Зазвонил телефон. Толя ушел в кабинет. С Баруздиным осталась я.
- Танюша, - стал он меня уговаривать, - повлияй на него! С его опытом - это всего два часа работы. Он стал просто психом.
- Еще бы! Он три месяца работал в вашем журнале, и крови из него попили достаточно! Вы обещали ему: «Две недели поработаешь с редактором. И все!» Где эти две недели?..
Рыбаков вернулся к столу. Баруздин снова вскочил.
- Толя, Толя, я хозяин журнала и делаю всегда то, что считаю нужным! Дай рукопись, я подпишу ее в набор.
Не смотри на мои замечания, оставь их себе!
Написал на рукописи: «В набор. Замечания, с которыми автор согласился, учтены». И расписался.
- Нет, - настоял Рыбаков, - выслушай меня до конца. То, что ты подписал рукопись в набор, не играет никакой юли. Твои заместители в цензуре меня продадут. Я вам не верю! Романа, считай, у вас нет. Он, конечно, нас с тобой крепко повязал, но расстаются и после многих лет супружества.
Двадцать второго декабря у наших ворот снова остановилась черная «Волга». Шофер занес новое письмо от Баруздина: «Дорогой Толя! С «Детьми» теперь все хорошо. У тебя не должно быть никаких опасений. Они идут у нас точно и верно. Будущий год будет «твой» и до некоторой степени и «мой».

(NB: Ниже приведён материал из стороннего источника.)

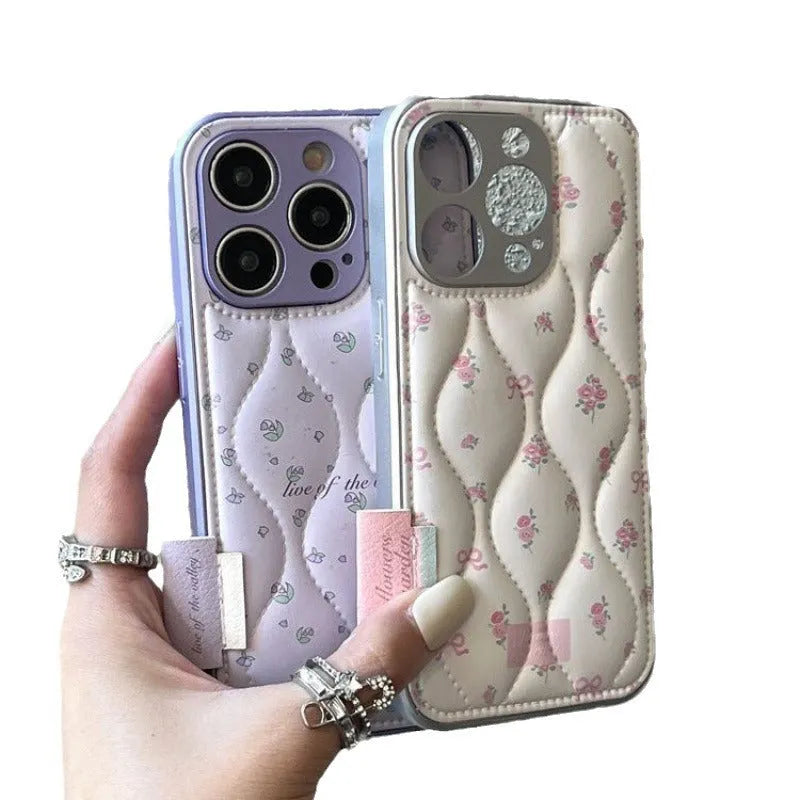 Creative down jacket small floral leather phone case with embossed design for iPhone showing purple background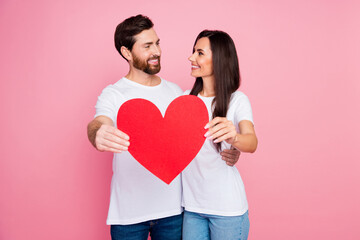 Fototapeta na wymiar Photo portrait of nice young couple look each other hold big red heart postcard wear trendy white outfit isolated on pink color background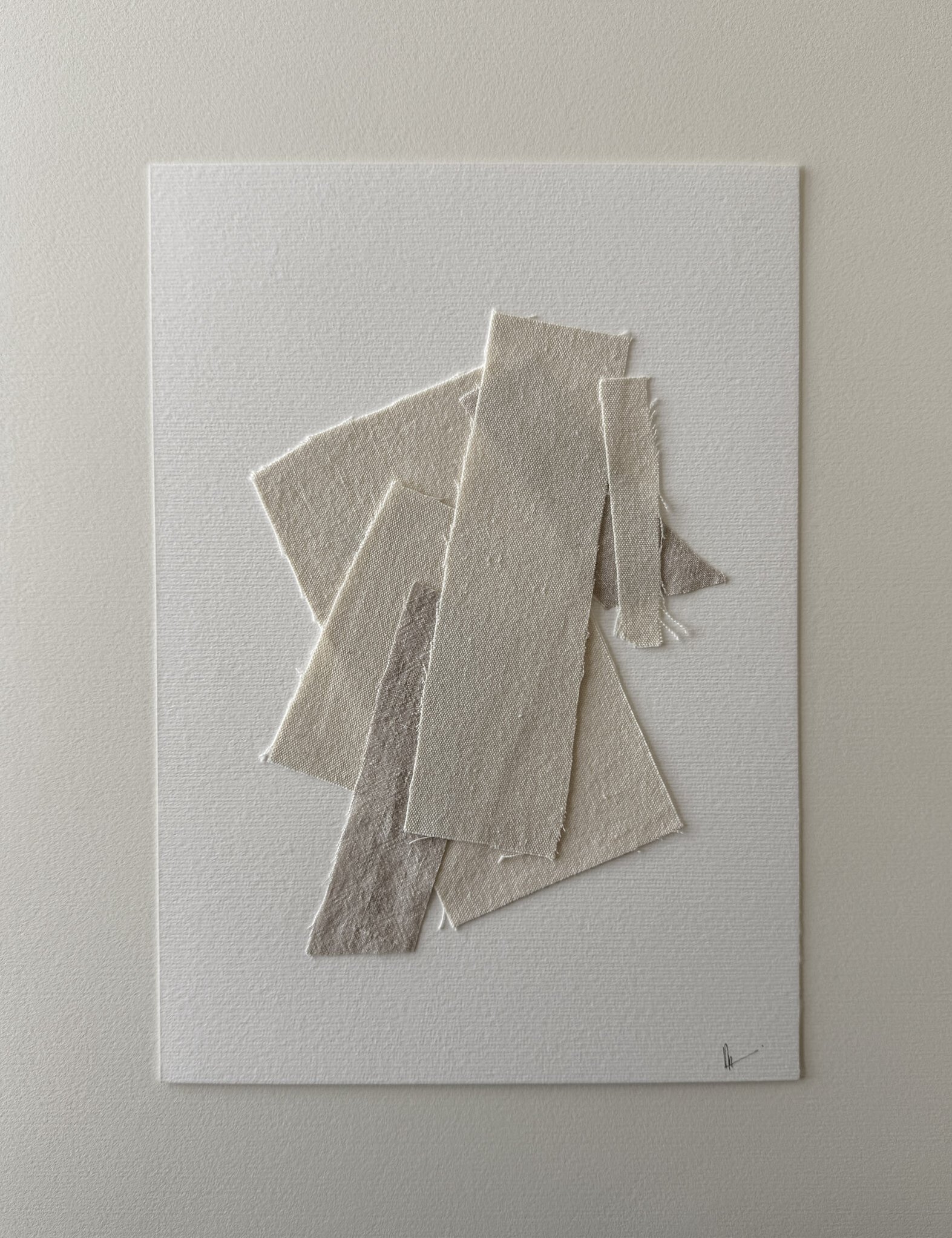 full image of a layered collage of neutral-toned linen and cotton fragments on soft white fabriano, showing soft frayed edges, varied weave textures and handwritten signature in lower right corner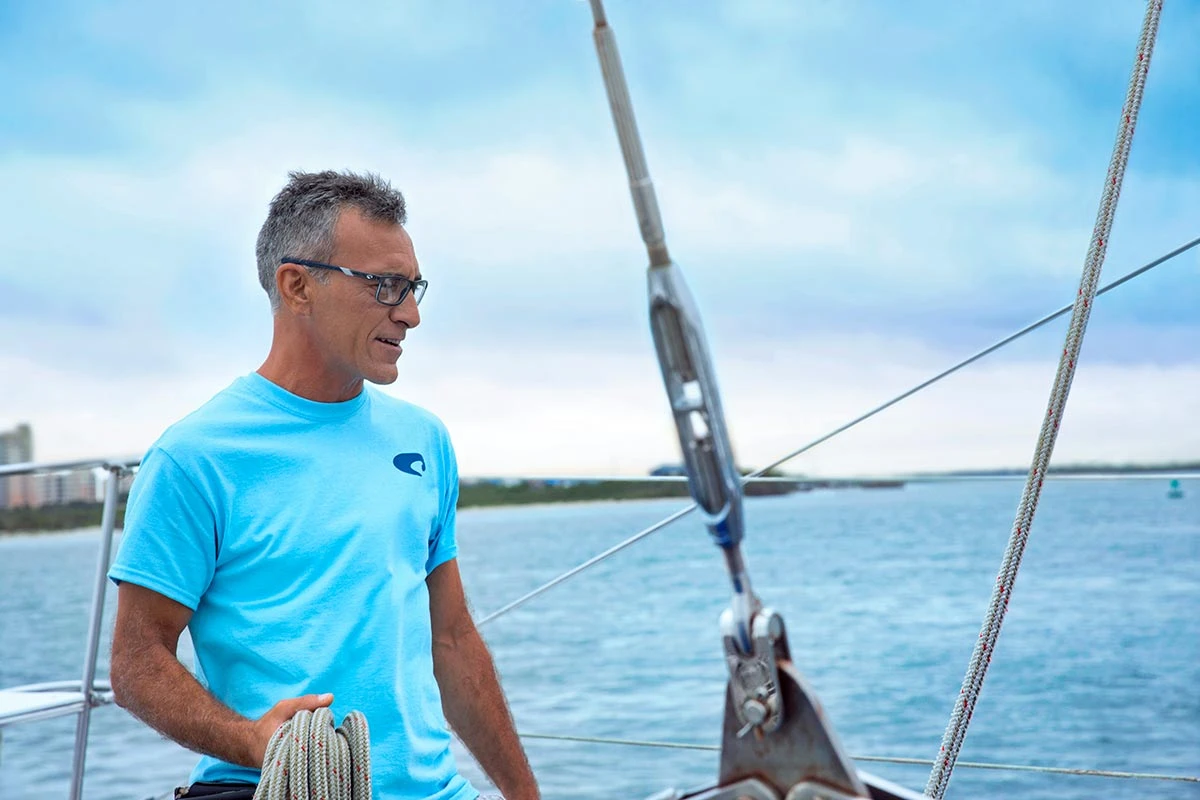 A man in Costa optical glasses on a sailboat, from Launch Pad’s Costa shoot
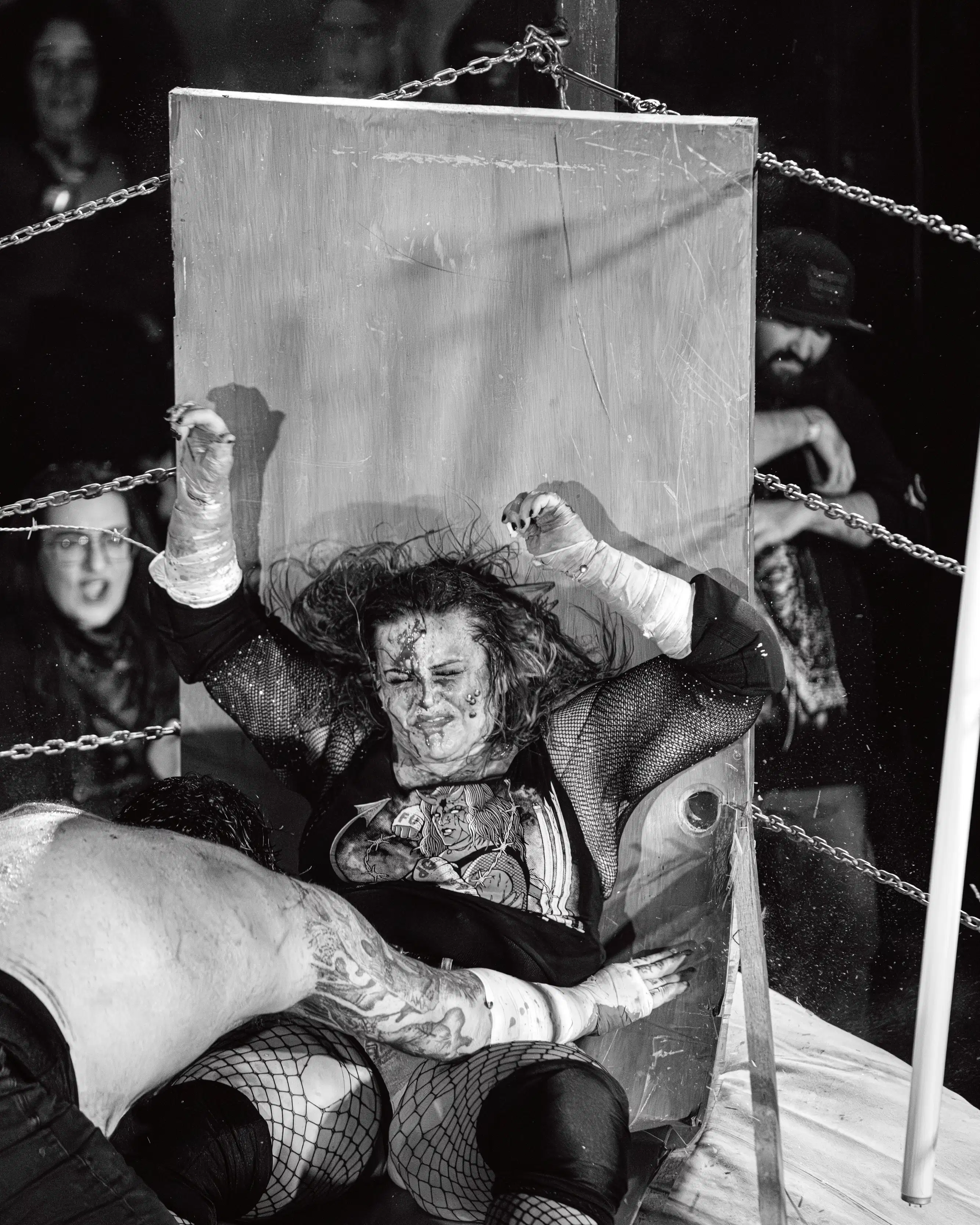 a wrestler bodyslams another through a table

Через два часа позвонила Смолянская:
- В журнале праздник - «Дети Арбата» ушли в набор!
Должна признаться: после прочтения той стенограммы заседания Политбюро Толя повинился перед Баруздиным, Теракопяном и Смолянской. У них были связаны руки, они сами находились под прессом.
Хорошо представляю себе, как накалялся воздух в той тесной и душной комнате, где они сидели с Рыбаковым над рукописью.